31.3 C
Manaus
quarta-feira, 25 de março de 2026
Economia Arrecadação federal bate recorde e soma R$ 222,1 bilhões em fevereiro

Arrecadação federal bate recorde e soma R$ 222,1 bilhões em fevereiro

A arrecadação federal atingiu um novo recorde em fevereiro, somando R$ 222,1 bilhões. O resultado positivo foi impulsionado principalmente pelo Imposto sobre Operações Financeiras (IOF) e pelo Imposto de Renda Retido na Fonte (IRRF) sobre Juros sobre Capital Próprio (JCP), além do expressivo crescimento na tributação de apostas online.

IOF e IRRF-Capital em alta

O IOF registrou R$ 8,7 bilhões em fevereiro, um aumento real de 35,73% em relação ao mesmo mês do ano anterior. No acumulado do bimestre (janeiro e fevereiro), o imposto totalizou R$ 16,8 bilhões, com alta real de 41,83%. Segundo a Receita Federal, essa elevação se deve a mudanças legislativas que ampliaram a incidência do imposto em novas operações financeiras.
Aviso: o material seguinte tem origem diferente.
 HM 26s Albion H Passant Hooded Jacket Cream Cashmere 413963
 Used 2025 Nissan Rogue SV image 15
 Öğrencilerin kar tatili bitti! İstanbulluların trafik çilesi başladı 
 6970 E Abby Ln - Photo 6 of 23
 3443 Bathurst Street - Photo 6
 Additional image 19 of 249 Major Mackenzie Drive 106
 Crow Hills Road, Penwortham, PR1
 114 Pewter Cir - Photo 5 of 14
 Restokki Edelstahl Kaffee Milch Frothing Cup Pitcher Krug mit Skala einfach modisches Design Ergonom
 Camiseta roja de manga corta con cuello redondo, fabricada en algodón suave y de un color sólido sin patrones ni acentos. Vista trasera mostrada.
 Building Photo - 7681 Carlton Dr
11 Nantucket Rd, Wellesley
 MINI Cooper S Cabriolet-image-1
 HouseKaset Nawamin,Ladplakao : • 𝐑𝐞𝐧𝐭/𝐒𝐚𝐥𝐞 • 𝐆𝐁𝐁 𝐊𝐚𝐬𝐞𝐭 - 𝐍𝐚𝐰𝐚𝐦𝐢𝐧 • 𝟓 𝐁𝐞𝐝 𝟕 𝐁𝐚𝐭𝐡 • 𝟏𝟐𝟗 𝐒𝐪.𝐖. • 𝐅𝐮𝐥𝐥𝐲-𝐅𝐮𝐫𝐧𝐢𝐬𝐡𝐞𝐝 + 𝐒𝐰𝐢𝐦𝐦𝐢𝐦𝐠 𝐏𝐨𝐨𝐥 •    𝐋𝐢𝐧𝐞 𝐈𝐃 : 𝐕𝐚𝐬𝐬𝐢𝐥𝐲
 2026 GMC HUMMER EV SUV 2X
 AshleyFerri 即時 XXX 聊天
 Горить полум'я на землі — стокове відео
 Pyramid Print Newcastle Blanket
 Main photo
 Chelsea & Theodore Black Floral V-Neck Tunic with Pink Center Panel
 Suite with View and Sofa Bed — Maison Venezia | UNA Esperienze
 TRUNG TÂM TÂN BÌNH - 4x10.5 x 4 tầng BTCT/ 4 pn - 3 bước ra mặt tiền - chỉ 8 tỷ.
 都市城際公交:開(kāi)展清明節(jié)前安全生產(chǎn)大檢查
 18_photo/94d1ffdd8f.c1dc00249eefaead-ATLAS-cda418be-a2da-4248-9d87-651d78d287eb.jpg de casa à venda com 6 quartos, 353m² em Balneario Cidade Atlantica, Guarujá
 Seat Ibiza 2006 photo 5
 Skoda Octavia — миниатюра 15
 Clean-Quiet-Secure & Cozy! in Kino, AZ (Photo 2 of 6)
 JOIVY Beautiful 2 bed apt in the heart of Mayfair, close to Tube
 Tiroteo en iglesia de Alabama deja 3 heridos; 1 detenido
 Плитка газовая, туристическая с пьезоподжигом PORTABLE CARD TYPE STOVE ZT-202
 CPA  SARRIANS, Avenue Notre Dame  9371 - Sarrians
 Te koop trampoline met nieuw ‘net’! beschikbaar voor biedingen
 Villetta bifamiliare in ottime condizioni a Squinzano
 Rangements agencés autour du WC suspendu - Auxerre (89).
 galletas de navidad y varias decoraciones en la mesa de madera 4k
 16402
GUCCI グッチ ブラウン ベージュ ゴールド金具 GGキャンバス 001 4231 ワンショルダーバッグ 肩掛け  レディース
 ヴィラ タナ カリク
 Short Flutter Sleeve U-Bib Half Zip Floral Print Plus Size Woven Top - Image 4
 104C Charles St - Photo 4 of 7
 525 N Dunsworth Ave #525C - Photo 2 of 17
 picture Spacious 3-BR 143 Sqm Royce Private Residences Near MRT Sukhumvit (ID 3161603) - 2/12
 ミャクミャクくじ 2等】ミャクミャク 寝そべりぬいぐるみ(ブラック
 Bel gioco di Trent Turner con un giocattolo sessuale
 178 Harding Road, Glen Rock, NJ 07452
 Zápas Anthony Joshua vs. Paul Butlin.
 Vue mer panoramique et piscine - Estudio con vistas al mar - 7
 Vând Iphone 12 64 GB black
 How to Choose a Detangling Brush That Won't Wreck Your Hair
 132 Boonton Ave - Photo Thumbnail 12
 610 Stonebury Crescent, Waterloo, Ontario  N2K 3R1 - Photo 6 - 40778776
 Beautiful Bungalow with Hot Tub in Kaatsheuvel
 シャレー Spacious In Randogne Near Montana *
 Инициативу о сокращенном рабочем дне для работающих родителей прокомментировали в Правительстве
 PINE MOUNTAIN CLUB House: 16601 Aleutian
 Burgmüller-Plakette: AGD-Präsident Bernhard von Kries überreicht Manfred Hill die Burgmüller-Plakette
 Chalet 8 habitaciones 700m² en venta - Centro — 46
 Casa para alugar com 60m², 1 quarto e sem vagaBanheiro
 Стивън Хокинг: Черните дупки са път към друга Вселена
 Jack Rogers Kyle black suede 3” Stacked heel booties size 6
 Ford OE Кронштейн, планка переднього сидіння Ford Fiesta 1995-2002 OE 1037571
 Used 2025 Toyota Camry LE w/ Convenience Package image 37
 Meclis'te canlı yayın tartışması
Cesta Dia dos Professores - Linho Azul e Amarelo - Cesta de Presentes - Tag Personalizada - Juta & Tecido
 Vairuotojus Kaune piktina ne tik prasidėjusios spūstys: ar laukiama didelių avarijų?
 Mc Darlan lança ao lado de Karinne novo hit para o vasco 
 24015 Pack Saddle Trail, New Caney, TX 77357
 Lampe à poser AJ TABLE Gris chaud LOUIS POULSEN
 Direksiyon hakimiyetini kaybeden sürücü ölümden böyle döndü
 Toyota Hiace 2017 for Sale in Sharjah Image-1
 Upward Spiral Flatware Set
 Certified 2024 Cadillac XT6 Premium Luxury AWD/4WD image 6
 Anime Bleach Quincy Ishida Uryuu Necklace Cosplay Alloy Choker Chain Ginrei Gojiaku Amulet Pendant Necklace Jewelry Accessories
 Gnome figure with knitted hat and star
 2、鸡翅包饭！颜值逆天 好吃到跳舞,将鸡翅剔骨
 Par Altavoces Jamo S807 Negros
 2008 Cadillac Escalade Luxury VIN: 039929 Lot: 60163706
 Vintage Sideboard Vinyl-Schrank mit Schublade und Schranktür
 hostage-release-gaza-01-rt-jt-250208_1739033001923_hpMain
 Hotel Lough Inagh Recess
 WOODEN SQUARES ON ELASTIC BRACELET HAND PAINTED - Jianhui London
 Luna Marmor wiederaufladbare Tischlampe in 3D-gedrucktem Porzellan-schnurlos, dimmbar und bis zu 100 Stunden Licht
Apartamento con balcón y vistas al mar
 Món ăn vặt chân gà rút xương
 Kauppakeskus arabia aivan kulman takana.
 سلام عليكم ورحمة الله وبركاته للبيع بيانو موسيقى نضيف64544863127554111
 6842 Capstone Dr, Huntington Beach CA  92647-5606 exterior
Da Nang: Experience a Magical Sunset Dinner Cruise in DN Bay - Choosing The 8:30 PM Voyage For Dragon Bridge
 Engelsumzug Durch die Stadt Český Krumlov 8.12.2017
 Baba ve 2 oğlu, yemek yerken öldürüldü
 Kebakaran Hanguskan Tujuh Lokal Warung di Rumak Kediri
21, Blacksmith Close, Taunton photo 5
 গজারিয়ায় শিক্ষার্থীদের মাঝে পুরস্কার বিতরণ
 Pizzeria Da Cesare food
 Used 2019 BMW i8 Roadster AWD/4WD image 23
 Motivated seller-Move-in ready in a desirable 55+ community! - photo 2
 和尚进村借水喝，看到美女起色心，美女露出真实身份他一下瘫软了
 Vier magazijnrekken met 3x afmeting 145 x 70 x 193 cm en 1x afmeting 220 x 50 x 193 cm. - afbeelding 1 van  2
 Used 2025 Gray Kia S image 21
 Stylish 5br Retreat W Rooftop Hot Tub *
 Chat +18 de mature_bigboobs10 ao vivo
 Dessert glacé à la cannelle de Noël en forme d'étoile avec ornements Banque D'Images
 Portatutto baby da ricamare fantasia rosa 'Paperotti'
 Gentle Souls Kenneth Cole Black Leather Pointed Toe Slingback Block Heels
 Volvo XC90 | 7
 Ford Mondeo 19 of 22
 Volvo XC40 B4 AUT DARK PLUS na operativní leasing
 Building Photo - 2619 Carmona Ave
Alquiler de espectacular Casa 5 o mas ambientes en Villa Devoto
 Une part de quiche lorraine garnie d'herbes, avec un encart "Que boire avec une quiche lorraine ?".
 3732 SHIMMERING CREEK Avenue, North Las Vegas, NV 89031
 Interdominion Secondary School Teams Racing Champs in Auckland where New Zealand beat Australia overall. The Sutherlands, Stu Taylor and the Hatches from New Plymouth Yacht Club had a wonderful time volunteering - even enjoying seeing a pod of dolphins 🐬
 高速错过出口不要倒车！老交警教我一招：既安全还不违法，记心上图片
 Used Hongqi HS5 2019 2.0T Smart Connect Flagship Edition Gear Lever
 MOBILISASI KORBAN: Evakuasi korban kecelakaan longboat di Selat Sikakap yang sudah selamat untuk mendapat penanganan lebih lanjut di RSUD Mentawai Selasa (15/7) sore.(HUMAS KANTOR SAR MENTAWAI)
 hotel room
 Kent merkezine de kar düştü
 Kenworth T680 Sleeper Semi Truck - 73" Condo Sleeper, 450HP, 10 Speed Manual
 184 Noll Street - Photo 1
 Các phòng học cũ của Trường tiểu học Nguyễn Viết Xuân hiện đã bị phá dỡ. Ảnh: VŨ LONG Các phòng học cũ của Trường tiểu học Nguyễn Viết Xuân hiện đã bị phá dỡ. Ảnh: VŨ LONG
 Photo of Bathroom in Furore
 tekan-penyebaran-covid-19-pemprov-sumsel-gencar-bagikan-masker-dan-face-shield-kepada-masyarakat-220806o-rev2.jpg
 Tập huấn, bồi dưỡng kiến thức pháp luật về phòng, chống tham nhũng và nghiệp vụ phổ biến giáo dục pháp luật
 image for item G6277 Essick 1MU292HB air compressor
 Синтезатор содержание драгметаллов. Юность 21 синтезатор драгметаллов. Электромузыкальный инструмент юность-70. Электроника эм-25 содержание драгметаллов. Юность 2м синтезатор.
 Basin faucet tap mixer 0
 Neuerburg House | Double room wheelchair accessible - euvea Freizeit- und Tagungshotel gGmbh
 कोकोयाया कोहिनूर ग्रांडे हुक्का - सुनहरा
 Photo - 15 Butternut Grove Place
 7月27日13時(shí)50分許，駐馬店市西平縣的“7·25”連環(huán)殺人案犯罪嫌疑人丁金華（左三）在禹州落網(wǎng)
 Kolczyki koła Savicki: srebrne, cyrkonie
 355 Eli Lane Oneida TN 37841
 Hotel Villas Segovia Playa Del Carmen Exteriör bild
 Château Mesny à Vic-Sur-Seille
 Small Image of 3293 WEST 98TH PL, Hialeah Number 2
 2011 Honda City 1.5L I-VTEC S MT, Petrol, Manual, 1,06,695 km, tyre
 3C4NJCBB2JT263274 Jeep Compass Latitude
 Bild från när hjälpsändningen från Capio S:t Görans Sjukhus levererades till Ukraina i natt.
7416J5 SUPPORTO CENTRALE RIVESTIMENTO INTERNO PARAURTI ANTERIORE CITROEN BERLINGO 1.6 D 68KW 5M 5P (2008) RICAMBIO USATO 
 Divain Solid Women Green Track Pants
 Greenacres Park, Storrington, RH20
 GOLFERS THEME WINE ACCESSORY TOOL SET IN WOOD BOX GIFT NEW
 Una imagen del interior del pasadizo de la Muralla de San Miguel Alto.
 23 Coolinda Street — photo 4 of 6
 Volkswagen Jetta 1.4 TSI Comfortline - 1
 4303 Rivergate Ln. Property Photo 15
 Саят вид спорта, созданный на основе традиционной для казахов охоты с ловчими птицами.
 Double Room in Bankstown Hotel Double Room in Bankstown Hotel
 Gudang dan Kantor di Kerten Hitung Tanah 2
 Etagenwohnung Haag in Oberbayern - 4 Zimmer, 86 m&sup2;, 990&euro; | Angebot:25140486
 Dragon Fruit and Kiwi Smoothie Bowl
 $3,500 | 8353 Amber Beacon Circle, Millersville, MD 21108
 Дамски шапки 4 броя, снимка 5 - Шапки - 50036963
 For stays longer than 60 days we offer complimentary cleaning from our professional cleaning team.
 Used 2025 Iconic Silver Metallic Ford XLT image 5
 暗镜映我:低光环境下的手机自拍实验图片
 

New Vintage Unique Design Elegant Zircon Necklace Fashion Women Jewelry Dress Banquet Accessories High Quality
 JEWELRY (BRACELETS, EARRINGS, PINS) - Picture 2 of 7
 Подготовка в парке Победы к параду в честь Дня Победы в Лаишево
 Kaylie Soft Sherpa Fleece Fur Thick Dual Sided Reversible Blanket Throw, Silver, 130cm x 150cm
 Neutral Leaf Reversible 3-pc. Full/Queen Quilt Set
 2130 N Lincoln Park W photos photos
O IRRF-Capital também apresentou um desempenho notável, com R$ 26,4 bilhões no bimestre, um crescimento real de 26,45%. Essa alta foi influenciada por aplicações em renda fixa e pela tributação de Juros sobre Capital Próprio (JCP). No final do ano passado, o Congresso Nacional aprovou o aumento da alíquota de IRRF para JCP de 15% para 17,5%, cujo impacto total na arrecadação federal começará a ser sentido a partir de abril.

Previdência e outros tributos

A arrecadação da Previdência Social alcançou R$ 60,5 bilhões em fevereiro, com um aumento real de 5,68% em comparação com fevereiro de 2025. O crescimento foi atribuído ao aumento de 3,89% na massa salarial e à alta de 7,98% na arrecadação do Simples Nacional. Além disso, houve um aumento de 23,42% nas compensações tributárias com débitos de receita previdenciária e a reoneração escalonada da contribuição patronal de municípios e folha de pagamento a partir de janeiro de 2025.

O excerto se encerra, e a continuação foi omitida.